Waddle committed to Alabama in 2018 as a four-star prospect and the #5 WR in his class. He also ranked as the 39th player nationally in his class, according to 247sports.
When Waddle finished his college career earlier this year, he finished with 1,999 receiving yards and 17 touchdowns (TD). However, what made Waddle special was his ability in the return game. He finished his career with a total of 947 return yards and three TDs.
While these stats do not immediately jump off the screen, it is important to note that he was receiving limited snaps until 2020. With 2020 set to be his breakout season, he suffered an ankle injury on the opening kickoff against Tennessee. The news came only four games into his junior season.
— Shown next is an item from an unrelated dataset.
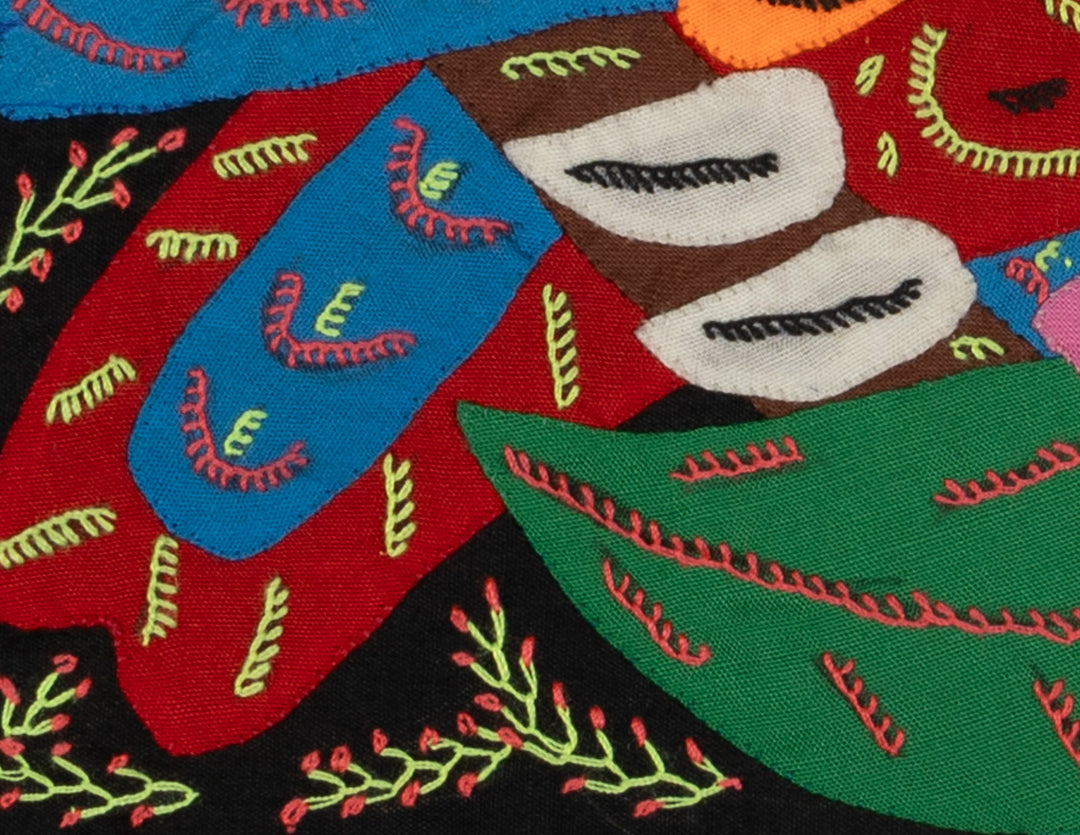 Multi-Color Parrot Bird Red And Blue Molita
Before the injury, Waddle was on his way to a statement season. He boasted a 34.38% dominator rating, according to thecuttffb, which is a WRs percentage of total offensive production. For context, Player Profiler illustrates that a dominator rating of 35% or more “indicates that a wide receiver has the potential to be a team’s No. 1 WR and/or a high caliber contributor.” Now, let’s dive into what makes Waddle such a great prospect.
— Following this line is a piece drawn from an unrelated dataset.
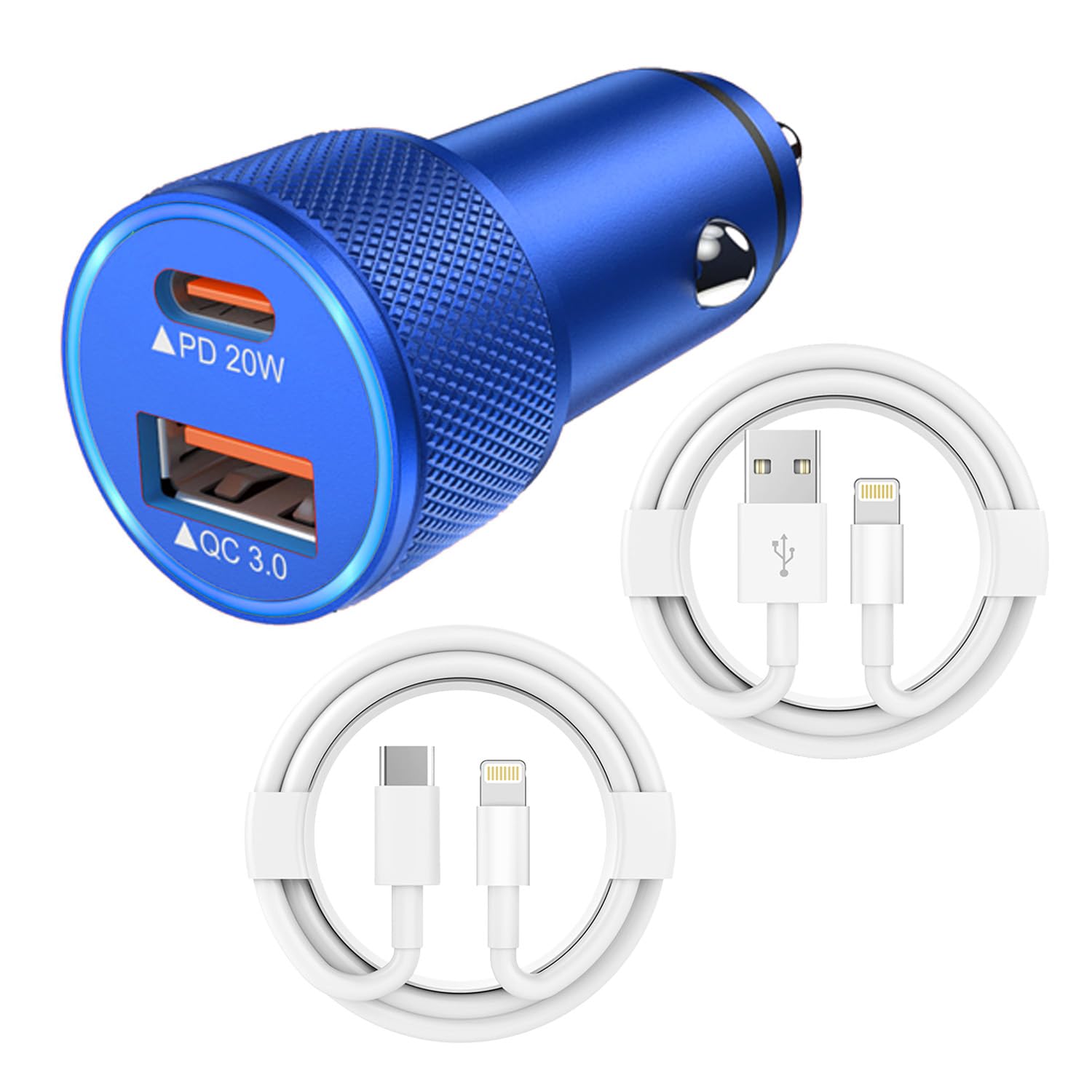 apple iphone cigarette lighter charger Amazon.com: iPhone Car Charger, 2-Port Fast USB C Car Charger Dual USB C &  USB A Car Charger Adapter Cigarette Lighter with 2Pack Lightning Cable for  iPhone 14 Pro Max/14 Pro/14 Plus/13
Waddle might be the fastest receiver in this 2021 rookie class, with some analysts predicting a sub 4.3 40 yard dash time. Check out this film below of Waddle showing off his speed to get to the edge on an end-around run.
Here’s a clip of Waddle showing off his blazing speed. Focus on how he takes the top off the defense and takes the reception to the house.
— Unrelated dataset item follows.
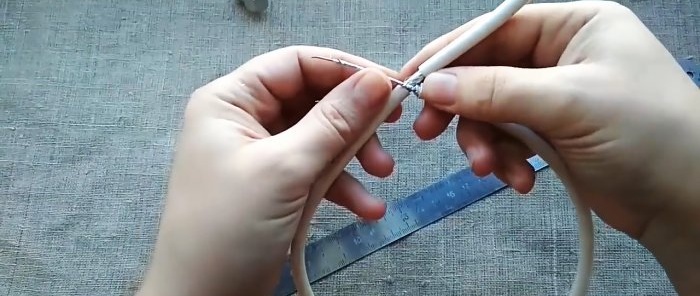 How to make the simplest DVB-T2 antenna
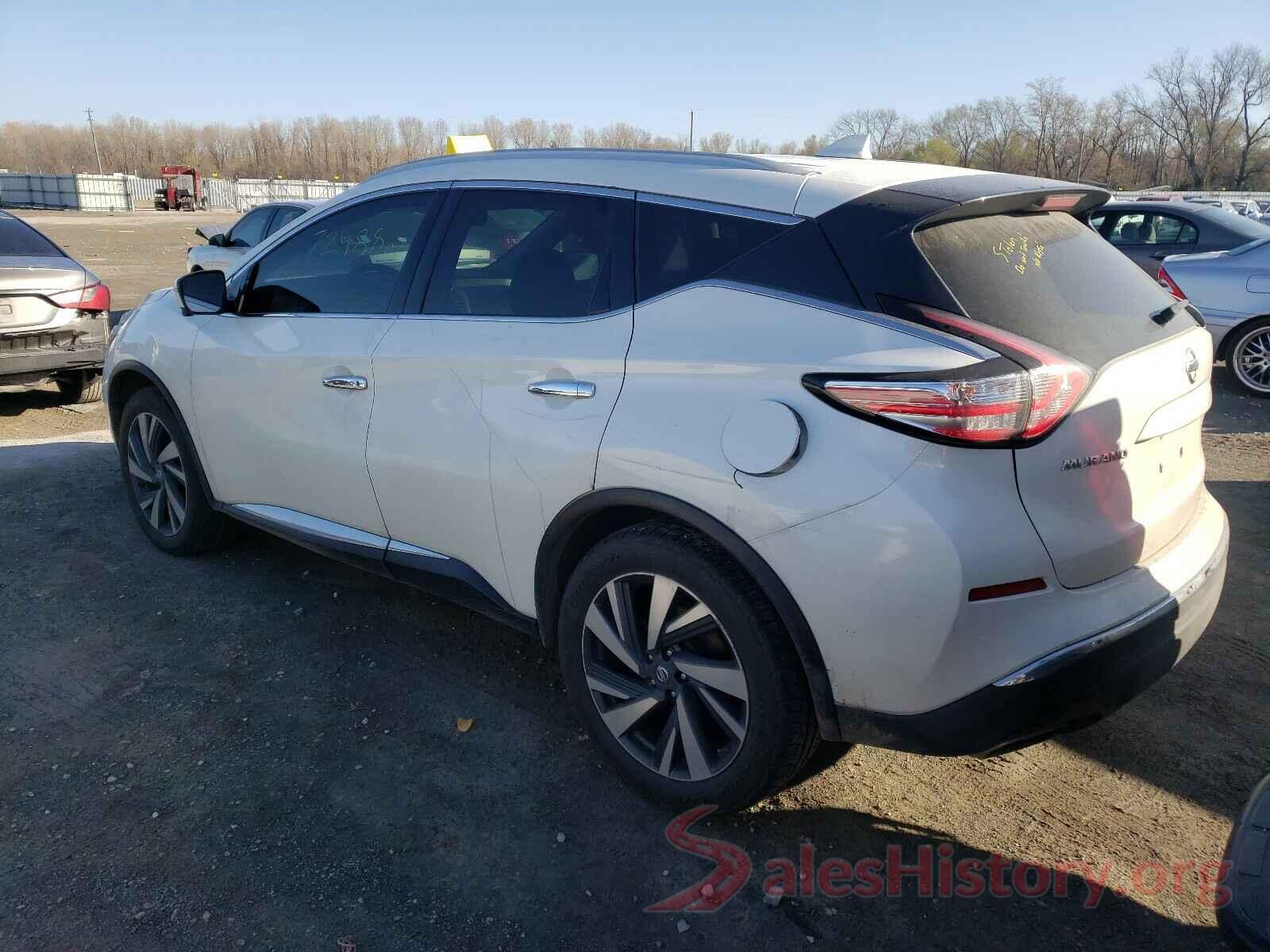 5N1AZ2MH4HN123915 2017 NISSAN MURANO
Waddle is far from just a speed guy. One of the things that immediately pops about Waddle’s game is his ability to create separation. Although his ability to generate separation is mostly due to speed, he has the twitchy ability to throw defenders off balance.
Waddle also uses his quick feet to get defenders off-balance. That twitchy ability and quick feet allow him to run a diverse route tree. Below is a clip of him utilizing his twitchy ability and quick feet to gain separation:
Another thing that stands out to me regarding Waddle is his hands. Waddle led his team in catch percentage in the four games he played while having only having a 3% drop percentage in his limited sample size in 2020.
One of the most important aspects of a receiver’s game is his ability to catch the ball, and Waddle does that at an exceptional level. Take a look at this clip of Waddle showing off his ability to elevate and get the ball at its highest point.
Take a look at another clip where Waddle comes back to the ball and makes an excellent contested catch.
Return Game Ability
One of the things that I look for in my receivers is how they are utilized in the return game. If they show the ability to be elusive and explosive in open space, they have a clear path to early opportunities. This comes in the form of special teams, ala Tyreek Hill, early in his career.
Waddle always shows this innate ability to be explosive in the return game. Take a look at this clip below of Waddle breaking an early tackle, hitting the edge with his speed, and then making a house call. It’s plays like this that showcase his ability to make plays in the return game.
One would be hard-pressed to find any weaknesses in Waddle’s film. With that said, he still has to deal with the ankle injury mentioned above. Waddle’s recovery will be crucial to his NFL Draft stock and your rookie drafts.
Waddle doesn’t have a real “breakout” WR1 season on his resume in college because of the injury. However, I firmly believe that Waddle’s talent speaks for itself. He’ll be one of the first receivers off the board in the 2021 NFL Draft.
It doesn’t take much of a dive into Waddle’s film to know that he is a unique talent. He might be the fastest receiver in this draft, but that’s not his only skill. He also runs a diverse route tree, has secure hands, and has the elusiveness and explosiveness needed to become a threat at the next level.
Many have tried to make comps to Kansas City Chiefs WR Tyreek Hill in past rookie draft classes, but the comparisons always seemed off. However, if there is a receiver that I believe profiles the most to Hill, it’s Waddle.
If he were to land on a team like the Miami Dolphins or the Los Angeles Chargers, the sky is the limit for Waddle. That allows him to build with a young quarterback that can air the ball out. I anticipate him going off the board on day one of the NFL Draft. In your rookie drafts, he’ll be going in the middle of the first round. If you grab a few shares of Waddle in your upcoming rookie drafts, you’ll reap the rewards for years.